In these theaters, they more frequently see dangerous, close-quarters combat with enemy forces than regular soldiers. As a result, special operations units have also suffered disproportionately heavy casualties.
Within hierarchical and intimate institutions like the military, the impetus to bury troubling reports that threaten careers, unit reputations and internal cohesion can be overwhelming. Junior members of SEAL Team 7, for instance, were reportedly pressed to keep quiet about their allegations when they informed their immediate superior about them, and only had their concerns addressed when they went far above his head to the Naval Special Warfare command.
These types of concerns informed a July op-ed in USA Today penned by three former military attorneys begging Congress to directly investigate the breakdown of discipline in the ranks, arguing the earlier military review, which “did not identify any gaps,” had proven inadequate. In August, Green ordered an additional three month ethics review of the Naval Special Warfare branch.
The seriousness with which Green is treating this crisis is laudable. But it took time for the Pentagon to accept the extent of the problem and the need to change its behavior.
The example of Gallagher is instructive. He is a decorated member of SEAL Team 7 even though he has a long list of allegations and attempted prosecutions for various misconduct. While members of the unit repeatedly reported concerns about Gallagher, such as accusations he was randomly shooting at unarmed civilians and boasting about it to their superiors, those complaints were long suppressed.
As far back as 2010, Gallagher was investigated — and cleared — of killing a girl being used as a human shield by an insurgent in 2010. Four years later, he allegedly attempted to run over a police officer in an altercation; the degree of punishment he received for that incident remains unclear.

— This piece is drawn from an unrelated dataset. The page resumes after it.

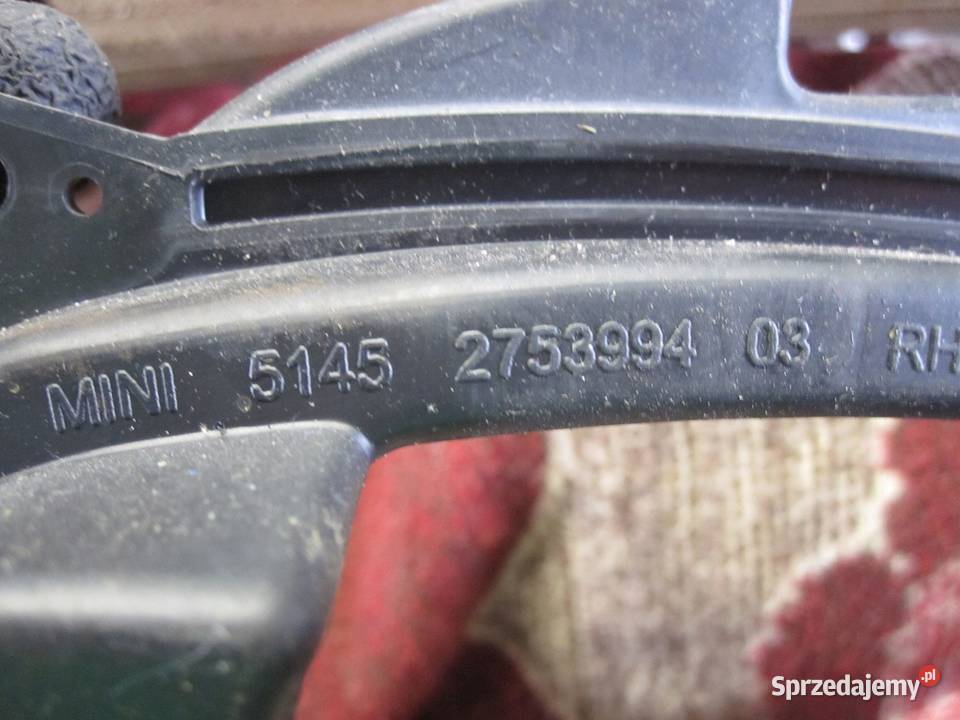 MINI CLUBMAN I 08r osłona kolumny kierowniczej sprzedam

In 2019, he was finally tried on accusations from his fellow squad mates that while perched in a tower with a sniper rifle, he needlessly shot an unarmed young girl and old man in Iraq in 2017 and repeatedly stabbed a noncombative captured Islamic State militant group fighter in the throat.

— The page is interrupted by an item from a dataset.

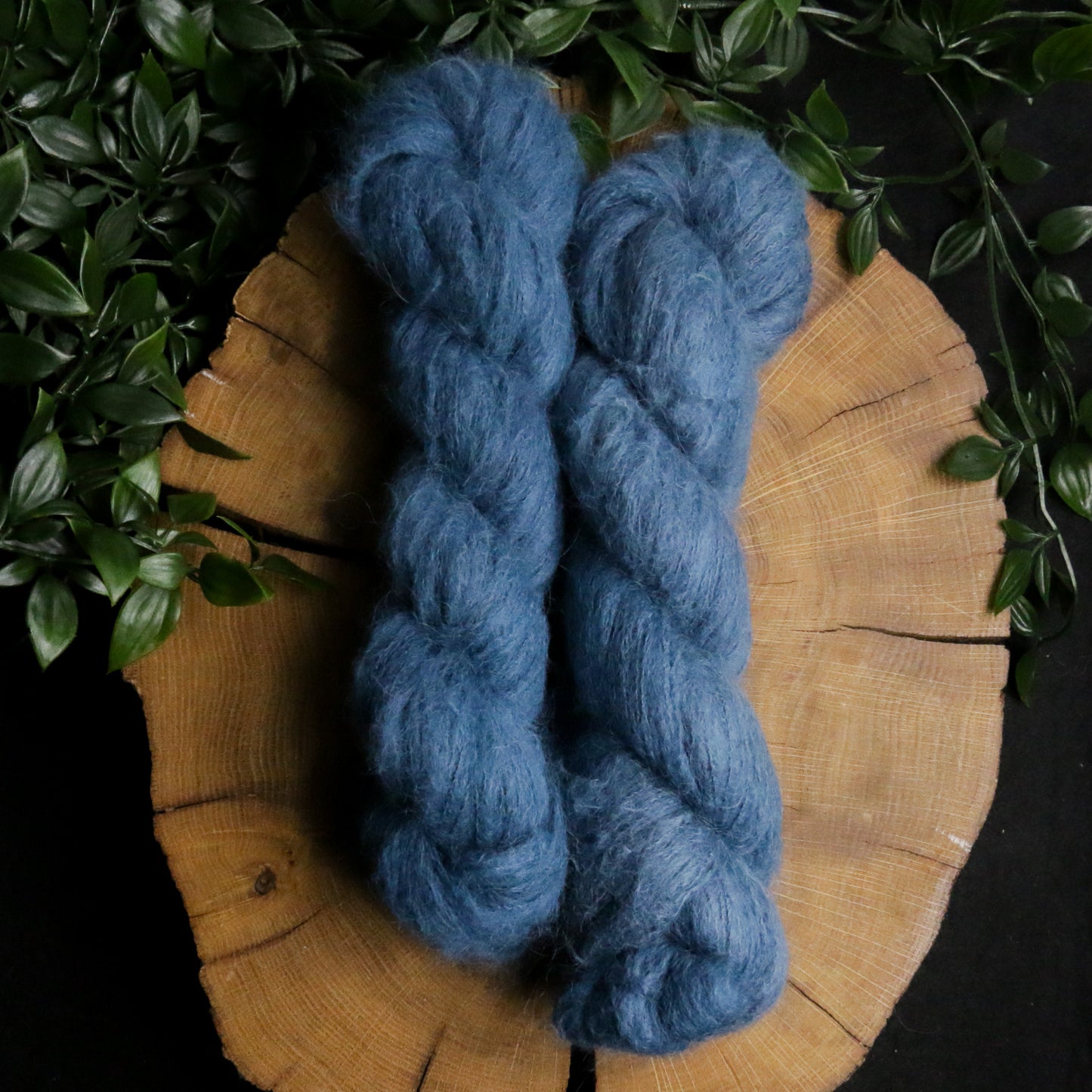 Dusk and Shiver - Suri Alpaca Lace - Lace Weight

SEALs also claimed Gallagher threatened to murder witnesses after the allegations became public, though his trial was compromised by prosecutorial misconduct and in the end he was only found guilty of posing with a corpse— the crime for which he was originally demoted before Trump intervened.
Defenders of Gallagher and other U.S. soldiers accused of war crimes argue that ordinary Americans can’t possibly understand what it’s like in a war zone, and that we don’t know what decisions we’d make when any civilian could turn out to be someone out to kill you.
They’re right. But other soldiers who’ve experienced the horrors and moral conundrums of war can, and in many cases, including Gallagher’s, they’ve been the ones appealing for discipline of those around them.
While it’s true that soldiers on the front line must deal with stress and ambiguous life-or-death situations that most of us cannot fathom, we dishonor soldiers when we imply they can’t distinguish right from wrong, and when we dismiss the courage of those who defied institutional resistance to speak out and report war crimes.
And the dangerous conditions they work in make it that much more important for the military to maintain discipline by punishing behaviors that threaten the mission, fellow soldiers and the civilian populations they are there to protect. Doing so also safeguards potential perpetrators from the lingering effects of “moral injury,” the psychological trauma of having inflicted unjustified violence on innocents.
It might have taken Pentagon leaders too long to to acknowledge the bad behavior in their ranks, but they now realize they need to take action to protect their institutional integrity, and protect the lives of American soldiers and civilians abroad.
Unfortunately, Trump’s continuing intervention in the case only serves to undermine that effort.